Vendanges 2022 – Jour 15 – Débourber


Semaine du blanc. On y est, on y reste. Après les grenache gris, les grenache blancs. Mes plus vieilles vignes…

On parlait phylloxéra hier, mais si ce puceron a ruiné la viticulture française et obligé à une refonte totale du vignoble (des dizaines de millions d’hectares n’ont jamais été replantés, des régions entières ont perdu toute vigne, toutes les vignes en foule – encore parfois marcotées chaque année – ont disparu), et bien il a fait la fortune du Roussillon.

1858, premier train en gare de Perpignan. Le vin peut voyager et se vend vite mieux que le blé, majoritaire mais difficile à cultiver dans les terres caillouteuses. C’est le fameux Barbu du Roussillon, pratiquement sans gluten et donc facile à digérer, remis à la mode par le grand Roland Feuillas. On l’abandonne pour la vigne et le vin qui voyage désormais en wagon citerne de bois vers Bercy, le quartier du vin qui a supplanté peu à peu les quais de Jussieu où le vin arrivait par bateau. La consommation explose dans Paris, d’un million d’hectolitres en 1800, elle passe à 3,5 millions en 1865. C’est la rumba des étiquettes, les rues, qui portent chacune le nom d’une région ou d’une appellation, sont les seules dont l’origine est garantie. Le vignoble du Roussillon connait un essor fulgurant et atteint presque 70 000 ha. Le phylloxéra se répand en France à partir de 1860, mais ne touche le Conflent qu’en 1878 : quinze ans d’une prospérité inimaginable. Les villages s’étendent (ma maison date de cette époque), on construit des écoles car elle est désormais obligatoire. Le milieu agricole est vent debout, perdant une main d’œuvre gratuite et docile, surtout au moment des vendanges.. En 1873, Jules Émile Planchon a mis au point le greffage sur plan américain. Mais l’information est longue à se diffuser et, de toute façon, les vignerons sont ruinés et les plantations, au début, rares car on a du mal à croire au miracle. Et il faut attendre 1877 pour qu’on diffuse les premiers porte-greffes, voire 1880. Georges Couderc multiplie les hybrides mais crée aussi des porte-greffes célèbres en masse, donc le 3309 C, en 1881, hybride de Riparia et de Rupestris qui porte son nom et dont je suis fan.

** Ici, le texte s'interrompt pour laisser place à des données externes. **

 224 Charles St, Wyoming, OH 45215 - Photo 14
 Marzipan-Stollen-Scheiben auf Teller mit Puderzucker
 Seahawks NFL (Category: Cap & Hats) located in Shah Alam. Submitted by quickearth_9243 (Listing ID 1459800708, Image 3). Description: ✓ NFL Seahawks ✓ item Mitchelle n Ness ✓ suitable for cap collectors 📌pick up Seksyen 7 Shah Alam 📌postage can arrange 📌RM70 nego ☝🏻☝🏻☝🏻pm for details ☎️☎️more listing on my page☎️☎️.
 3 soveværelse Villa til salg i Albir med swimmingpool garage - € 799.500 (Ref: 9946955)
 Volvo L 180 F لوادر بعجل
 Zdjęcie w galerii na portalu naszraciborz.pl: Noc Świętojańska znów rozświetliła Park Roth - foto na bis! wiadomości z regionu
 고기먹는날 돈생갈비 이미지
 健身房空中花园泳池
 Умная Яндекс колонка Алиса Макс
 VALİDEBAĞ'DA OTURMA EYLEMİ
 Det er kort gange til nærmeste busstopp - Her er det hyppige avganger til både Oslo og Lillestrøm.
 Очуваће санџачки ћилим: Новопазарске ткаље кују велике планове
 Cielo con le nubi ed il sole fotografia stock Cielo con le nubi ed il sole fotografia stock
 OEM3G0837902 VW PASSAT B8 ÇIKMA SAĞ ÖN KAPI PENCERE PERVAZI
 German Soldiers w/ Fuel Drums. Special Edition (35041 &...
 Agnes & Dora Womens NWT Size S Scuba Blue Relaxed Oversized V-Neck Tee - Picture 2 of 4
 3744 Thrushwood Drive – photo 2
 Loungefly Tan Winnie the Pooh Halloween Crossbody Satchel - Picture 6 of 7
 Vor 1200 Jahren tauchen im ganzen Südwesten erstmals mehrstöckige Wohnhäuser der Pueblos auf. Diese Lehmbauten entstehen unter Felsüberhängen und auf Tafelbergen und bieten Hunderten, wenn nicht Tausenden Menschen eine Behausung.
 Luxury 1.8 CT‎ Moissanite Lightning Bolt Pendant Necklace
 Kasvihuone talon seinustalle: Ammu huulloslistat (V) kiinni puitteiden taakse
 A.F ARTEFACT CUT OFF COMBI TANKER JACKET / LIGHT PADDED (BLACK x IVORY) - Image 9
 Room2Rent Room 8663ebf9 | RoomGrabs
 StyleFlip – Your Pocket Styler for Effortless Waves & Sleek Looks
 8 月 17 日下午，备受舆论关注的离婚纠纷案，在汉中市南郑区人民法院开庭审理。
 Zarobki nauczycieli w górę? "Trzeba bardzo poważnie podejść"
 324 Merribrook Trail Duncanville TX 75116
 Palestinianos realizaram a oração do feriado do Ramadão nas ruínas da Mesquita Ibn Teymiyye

Si vous avez tout suivi, vous avez tout compris : lorsque la technique se diffuse, les vignerons du Roussillon ont les poches pleines et des vignes encore actives. Il peuvent donc planter, greffer sur place avec des bois encore vivants. C’est assez unique, le Rhône, le Languedoc, par exemple, sont obligés d’aller chercher des bois ailleurs, en particulier en Espagne. Ce qui est intéressant, dans l’histoire, c’est que la lignée génétique est respectée, qu’il y a transmission de cette déformation que produit le terroir, qu’il y a entre les siècles une transmission de la sélection naturelle des souches les plus adaptées.

Tout ça pour vous dire que mon vieux grenache blanc est très vieux. Si le C.V.I (Casier Viticole Informatisé) est initié en 1998, le registre viticole démarre en 1953 à la suite de la création de l’institut de vins de consommation courante. A cette date, on répertorie toutes les parcelles et on leur donne un âge. Quand elles sont très vieilles, vu que personne ne se souvient de la date de plantation (aucun papier à remplir à cette époque, ni pour planter, ni pour arracher…), on met 1901 en date de «naissance». Elle est greffée et non franche de pied, donc postérieure au phylloxéra. Au pif, donc, mais rien de grave. Ces vieilles vignes, déjà, à l’époque, étaient souvent complantées. Donc aucune n’a vraiment 120 ans. La mienne a un âge inconnu. Mais en pleine forme.

Bon, voilà, je voulais pas du tout parler de tout ça et j’ai perdu le fil. Je voulais parler du débourbage, de là le titre ! Passionnante discussion avec Sylvère, notre nouveau collaborateur en cave, champion du débourbage, du coup, qui revient d’Afrique du Sud, de chez un grand et illuminé vigneron local qui source des micro vignobles francs de pied un peu partout dans le pays, fait des heures en camion frigo pour les atteindre, attiré par les vieux gobelets et leur capacité à proposer, sur la même souche, du mûr à l’extérieur et du frais à l’intérieur. Les grands esprits se rencontrent. Il s’appelle Chris Alheit, j’ai vu qu’il y en avait chez 1JOUR1VIN, je vais essayer d’en trouver.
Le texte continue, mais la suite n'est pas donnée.